Alfred Sole – Rest in Peace

This is a trend that I’m not enjoying whatsoever. We heard the news yesterday that Alfred Sole passed away. He is best known for directing the 1976 film Communion aka Alice, Sweet Alice. I had the pleasure to meet him back in 2018 at a film fest in Chicago where they screened Communion, which really still holds up today.

Sole didn’t direct a lot of pictures, mainly because he got fed up with Hollywood. It really is a shame that there are a bunch of talented individuals that are more than willing to create some amazing cinema but just get tired of dealing with the idiots that are calling the shots, not letting them create the art they could. Very sad that Sole wasn’t given the opportunity to continue to show us what he was capable of. We will always have what he has left us to remind us of this loss of talent. Our thoughts go out to his friends and family in this difficult time.

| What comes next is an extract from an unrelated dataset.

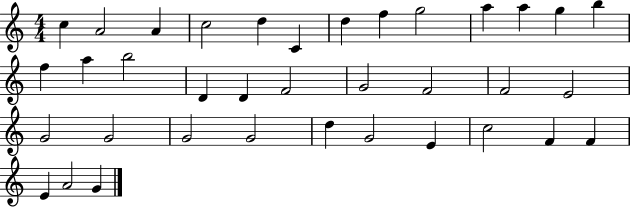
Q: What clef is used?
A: treble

Here is a great quote from Sole that I found on IMDB that sums up his thoughts on Hollywood quite nicely!

“I was not good for Hollywood and Hollywood was not good for me. I didn’t understand the politics. I was just this guy from Jersey who made movies. You go to these meetings with these hotshot executives for hours and nothing gets done! It was just constant frustration. What I really should’ve done is stayed in Paterson and made movies with friends in my hometown, the way I started out, like John Waters or George A. Romero.” – Alfred Sole. Rest in Peace.

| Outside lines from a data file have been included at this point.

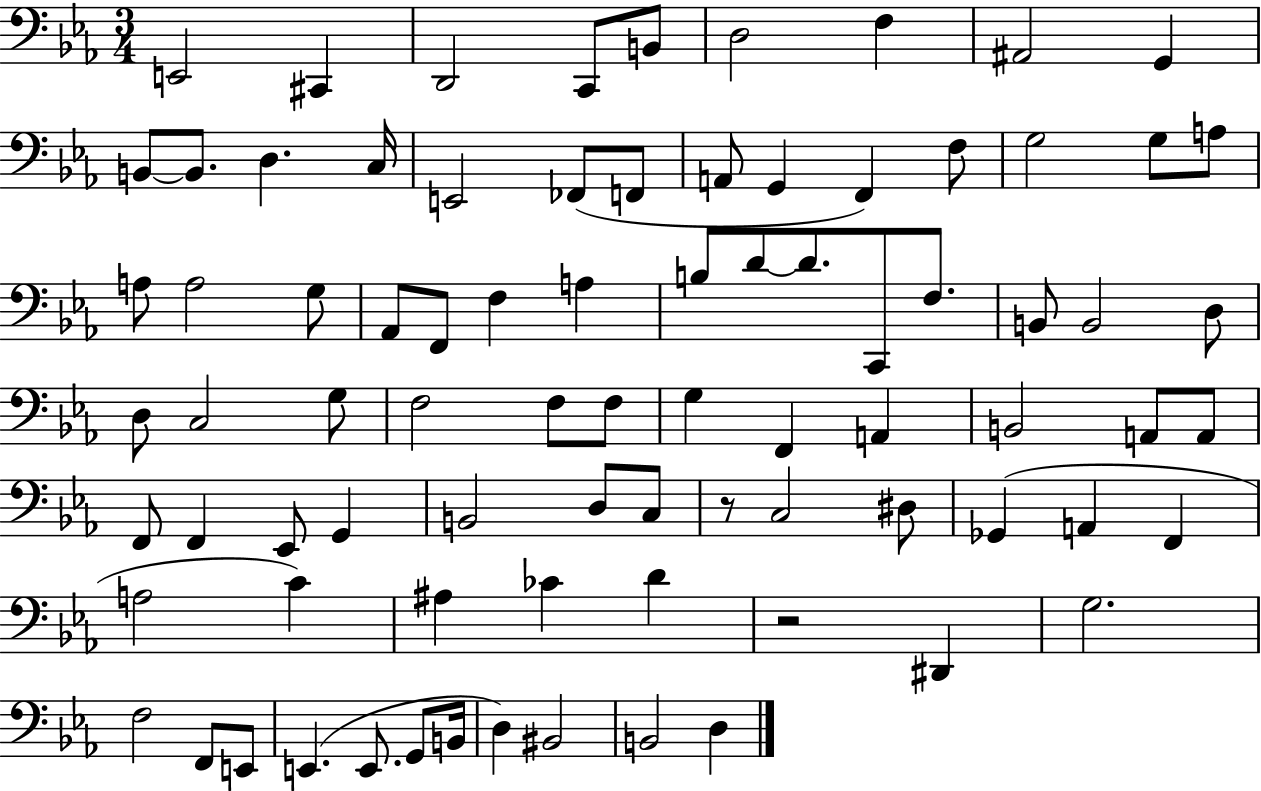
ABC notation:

X:1
T:Untitled
M:3/4
L:1/4
K:Eb
E,,2 ^C,, D,,2 C,,/2 B,,/2 D,2 F, ^A,,2 G,, B,,/2 B,,/2 D, C,/4 E,,2 _F,,/2 F,,/2 A,,/2 G,, F,, F,/2 G,2 G,/2 A,/2 A,/2 A,2 G,/2 _A,,/2 F,,/2 F, A, B,/2 D/2 D/2 C,,/2 F,/2 B,,/2 B,,2 D,/2 D,/2 C,2 G,/2 F,2 F,/2 F,/2 G, F,, A,, B,,2 A,,/2 A,,/2 F,,/2 F,, _E,,/2 G,, B,,2 D,/2 C,/2 z/2 C,2 ^D,/2 _G,, A,, F,, A,2 C ^A, _C D z2 ^D,, G,2 F,2 F,,/2 E,,/2 E,, E,,/2 G,,/2 B,,/4 D, ^B,,2 B,,2 D,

Ivan Reitman – Rest in Peace

Another amazing talent might has left us, but he also left us plenty of amazing memories. Sure, Ghostbusters (1984) isn’t exactly a horror film, but it did have enough horror elements to count, not to mention that it was damn entertaining then, and I still say today. Writer, director, producer, Ivan Reitman passed away on Saturday at the age of 75.

While he is mainly known for comedies, one of his first films that he directed was the 1973 epic Cannibal Girls, where the posters art stated, “These girls do exactly what you think they do!” How could you go wrong there? But he also helped David Cronenberg on a few of his early films, Shivers (1975) and Rabid (1977), so he definitely had some street cred when it came to the horror genre.

But no matter what genre he worked in, he created some entertaining films that will definitely last for generations to come. Our thoughts go out to him and his family during this difficult time.

Paul Kelman – Rest in Peace

With all the slasher films that came out in the late ’70s and early ’80s, one of my favorites has always been My Bloody Valentine (1981). Not sure if it was because the location where the killer was stalking was different than all the summer camp ones, or that the killer looked so damn scary in all that miner getup, but either way, I think the film worked, and still works, even today. But we recently lost a cast member from that memorable film, Paul Kelman, who played T.J., one of the minors stuck down deep in the earth with a killer with a pitchfork!

While he only played in one other horror title, Black Roses (1988), he will still be remembered from fans, not only because of that role, but also his relationship with his fans. Our thoughts go out to his friends and family during this difficult time.

Yvette Mimieux & Carol Speed – Rest in Peace

I meant to get this posted yesterday about the passing of Carol Speed but before I could get to it, news of Yvette Mimieux came through today.

Carol Speed passed away last Friday, Jan. 14th, at the age of 76. Best known for her roles in some ’70s exploitation films, which is a shame because she was a treat to watch on screen. She worked for a few of the low budget directors, like Jack Hill’s The Big Birdcage (1972) and Al Adamson’s Dynamite Brothers (1974), but it was her title role in William Girdler’s 1974 film Abby that probably drew most of the attention.

But Speed was also an author, singer and songwriter as well. In fact, the soundtrack for the film Abby has a song that she wrote and performed called My Soul is a Witness. Fans of those early exploitation films will definitely be keeping memory alive. I got to meet her at a Cinema Wasteland convention back in, I believe, 2010. Such a nice person.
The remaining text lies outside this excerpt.